When a record contains an image, skip the image and retype the rest of that record exactly.

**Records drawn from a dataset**

········

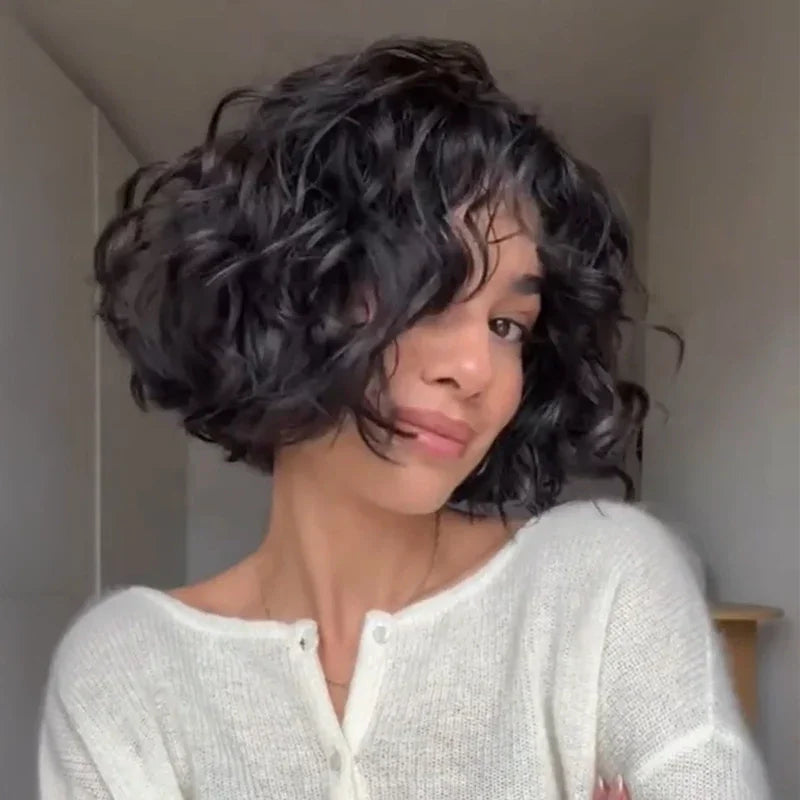 Élégant Glueless 4x4 Noir Naturel Bob Ondulé Avec Frange Fine 100% Cheveux Humains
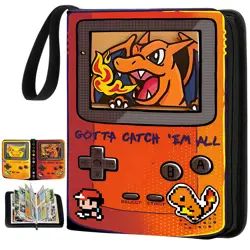 Card Binder Pokemon Cards Binder Holder Fits 400 Cards w/ 50 Removable Sleeves - Image 1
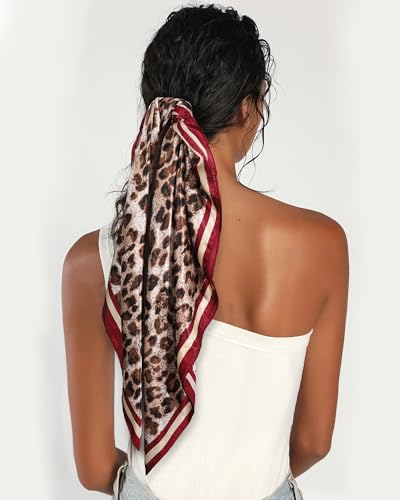 AWAYTR 35” Satin Head Scarf for Women Like Silk Scarf for Hair Scarf Satin Hair Bandana Women Headscarf Hair Wrap Scarf Neck - color: Leopard - Dark Red
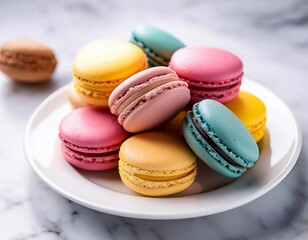 Obraz premium Pile of colourful macaroons in white plate on white marble table background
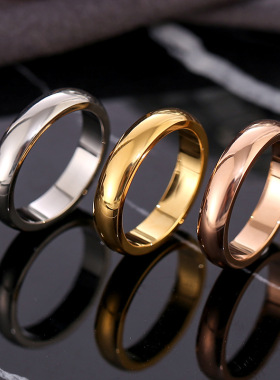 欧美热款简约钛钢宽版光面素圈戒指情侣对戒食指不锈钢个性潮戒指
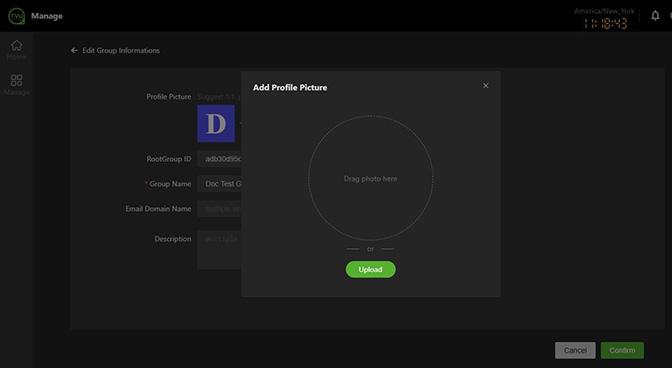Edit Group Information window - Add Profile Picture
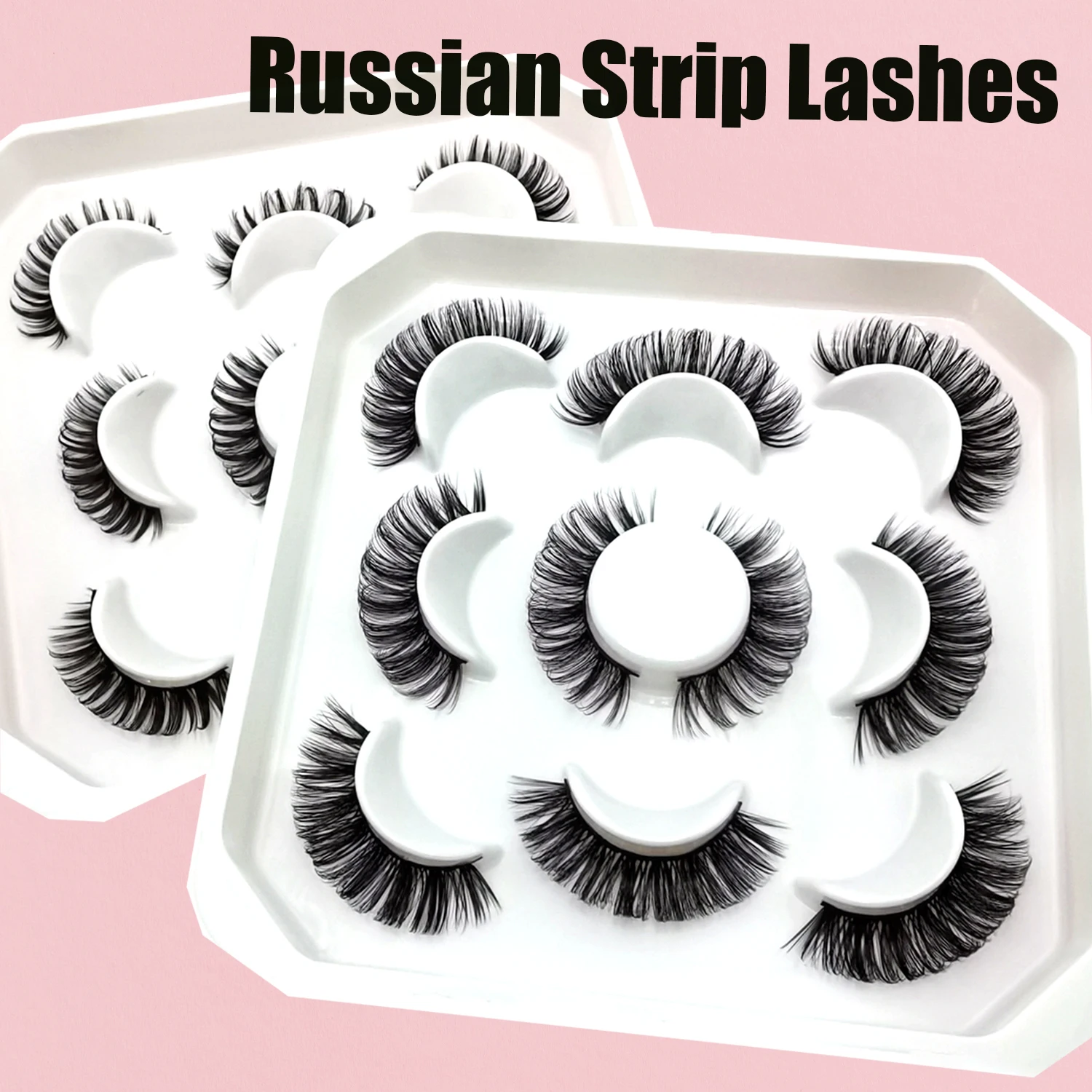 

3D Faux Mink Lashes Natural Soft Wispy Lash Cross Strip Eyelash Extension False Eyelashes Russian Strip Lashes DD Curl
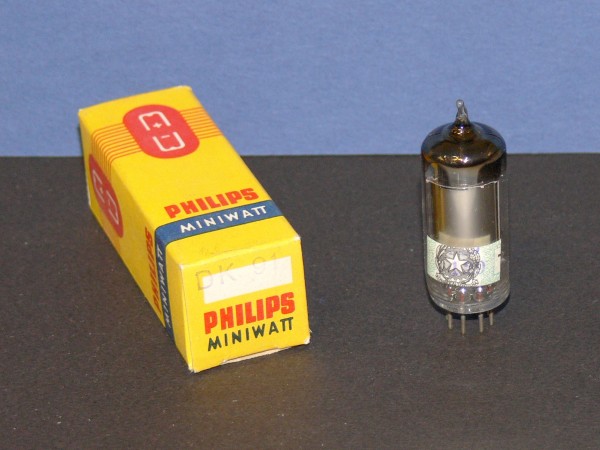 PHILIPS DK91 DK 91 Röhre Heptode Vacuum Tube / Elektronenröhre neu in OVP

········

**WRITTEN ANSWER**
 Élégant Glueless 4x4 Noir Naturel Bob Ondulé Avec Frange Fine 100% Cheveux Humains
 Card Binder Pokemon Cards Binder Holder Fits 400 Cards w/ 50 Removable Sleeves - Image 1
 AWAYTR 35” Satin Head Scarf for Women Like Silk Scarf for Hair Scarf Satin Hair Bandana Women Headscarf Hair Wrap Scarf Neck - color: Leopard - Dark Red
 Obraz premium Pile of colourful macaroons in white plate on white marble table background
 欧美热款简约钛钢宽版光面素圈戒指情侣对戒食指不锈钢个性潮戒指
Edit Group Information window - Add Profile Picture

3D Faux Mink Lashes Natural Soft Wispy Lash Cross Strip Eyelash Extension False Eyelashes Russian Strip Lashes DD Curl
 PHILIPS DK91 DK 91 Röhre Heptode Vacuum Tube / Elektronenröhre neu in OVP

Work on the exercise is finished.